### ASSIGNMENT
In the material below, find the span from the line with "By using explainX, one" to the line with "So, we just" and transcribe only those lines, exactly, ends included, without the pictures.
Segment Start: RECORDS SUPPLIED
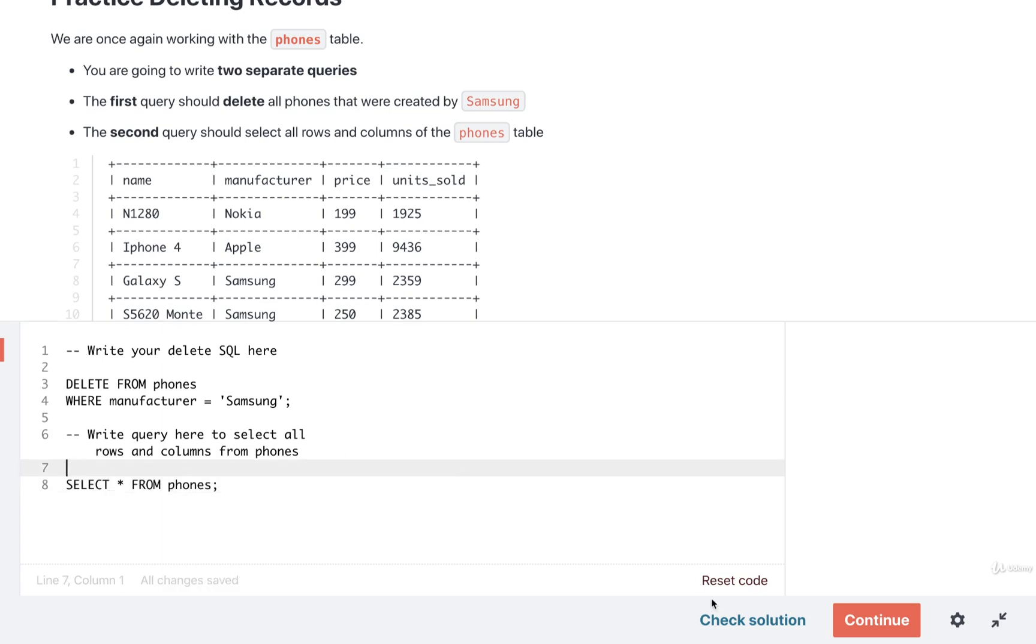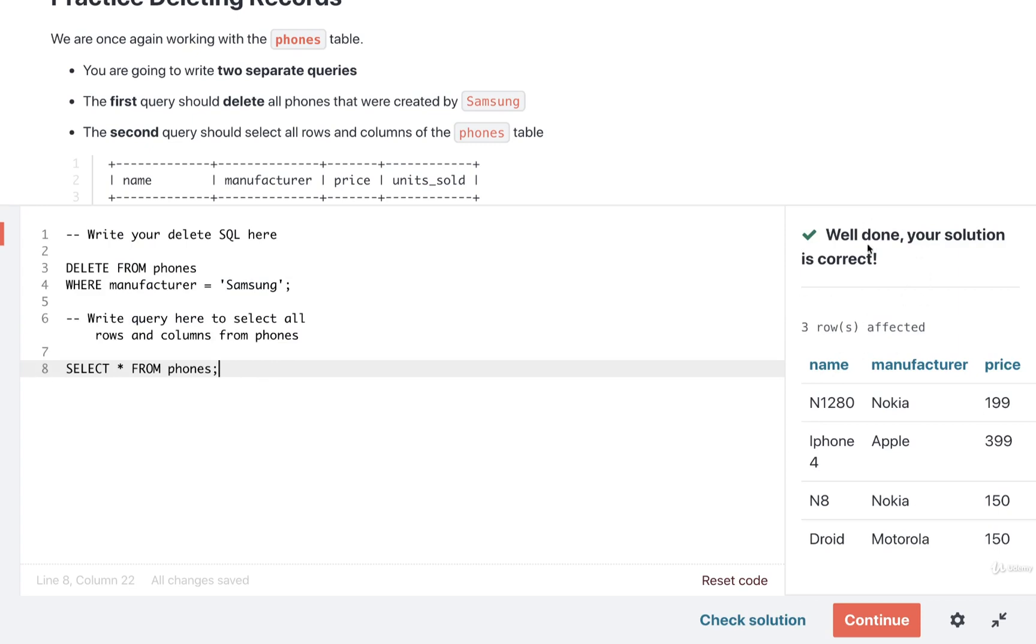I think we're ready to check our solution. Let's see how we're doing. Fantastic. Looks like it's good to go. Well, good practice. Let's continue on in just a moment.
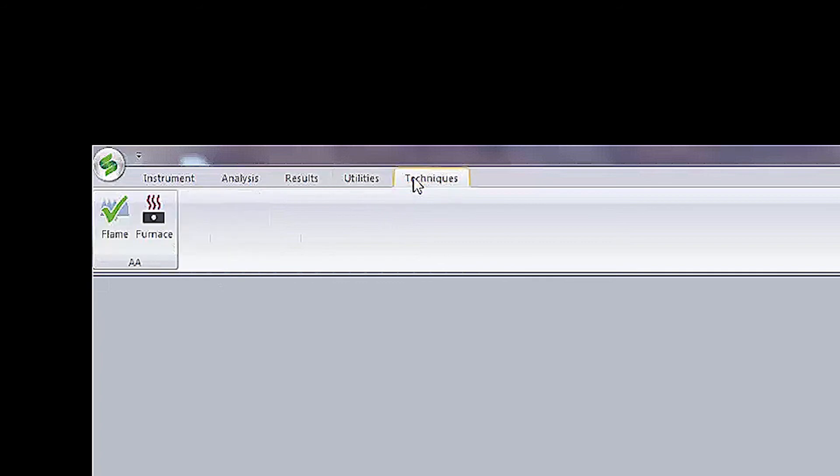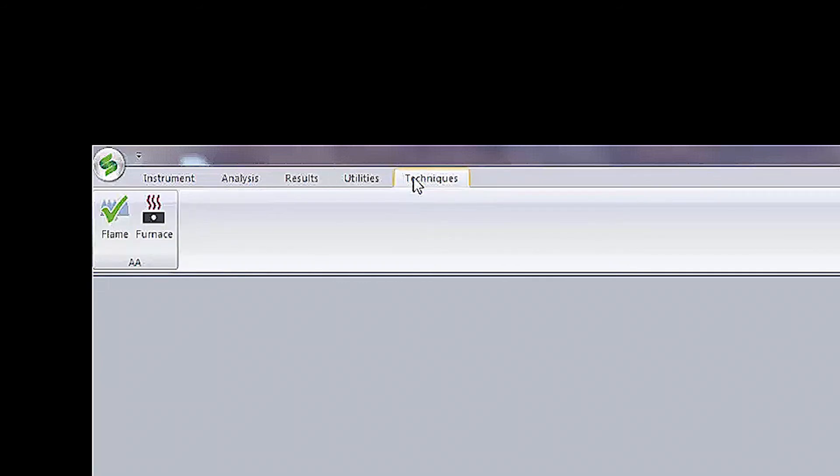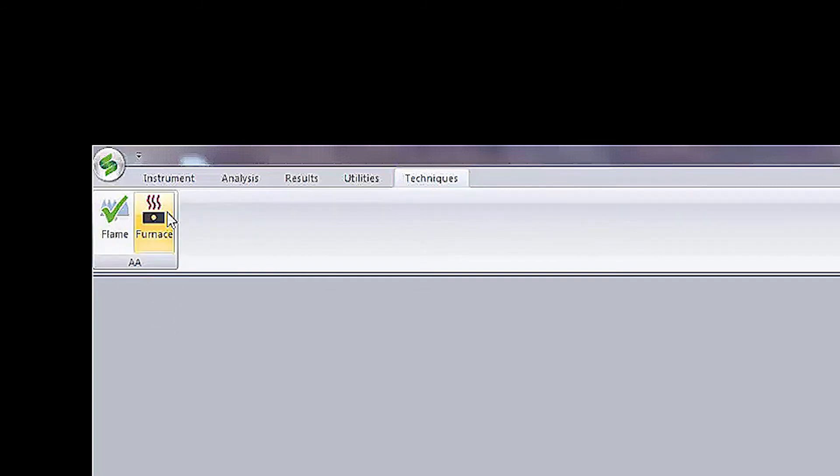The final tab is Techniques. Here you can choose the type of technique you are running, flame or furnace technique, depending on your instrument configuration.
Segment End: RECORDS SUPPLIED
Segment Start: RECORDS SUPPLIED
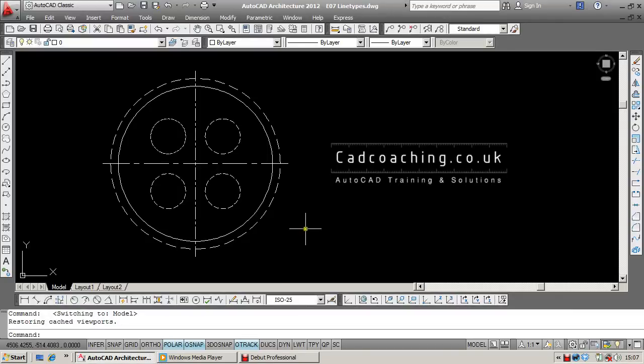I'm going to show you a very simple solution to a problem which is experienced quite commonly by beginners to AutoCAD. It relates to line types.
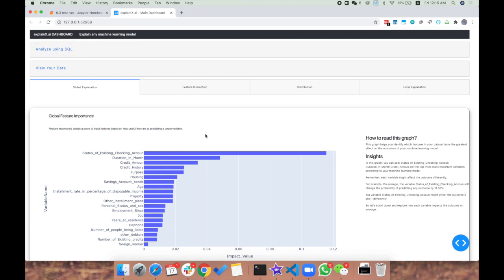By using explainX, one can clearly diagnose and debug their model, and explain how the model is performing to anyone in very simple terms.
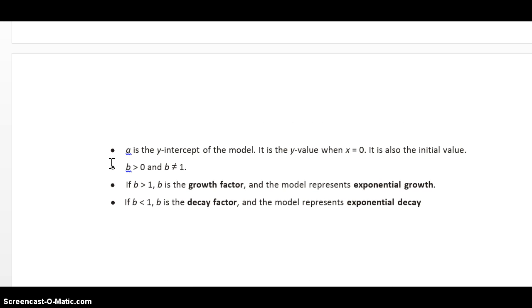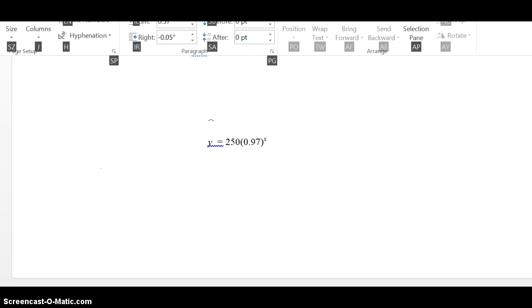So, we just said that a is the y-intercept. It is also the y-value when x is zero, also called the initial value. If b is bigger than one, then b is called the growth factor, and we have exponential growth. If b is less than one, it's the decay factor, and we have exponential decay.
Segment End: RECORDS SUPPLIED
### OUTPUT
By using explainX, one can clearly diagnose and debug their model, and explain how the model is performing to anyone in very simple terms.
So, we just said that a is the y-intercept. It is also the y-value when x is zero, also called the initial value. If b is bigger than one, then b is called the growth factor, and we have exponential growth. If b is less than one, it's the decay factor, and we have exponential decay.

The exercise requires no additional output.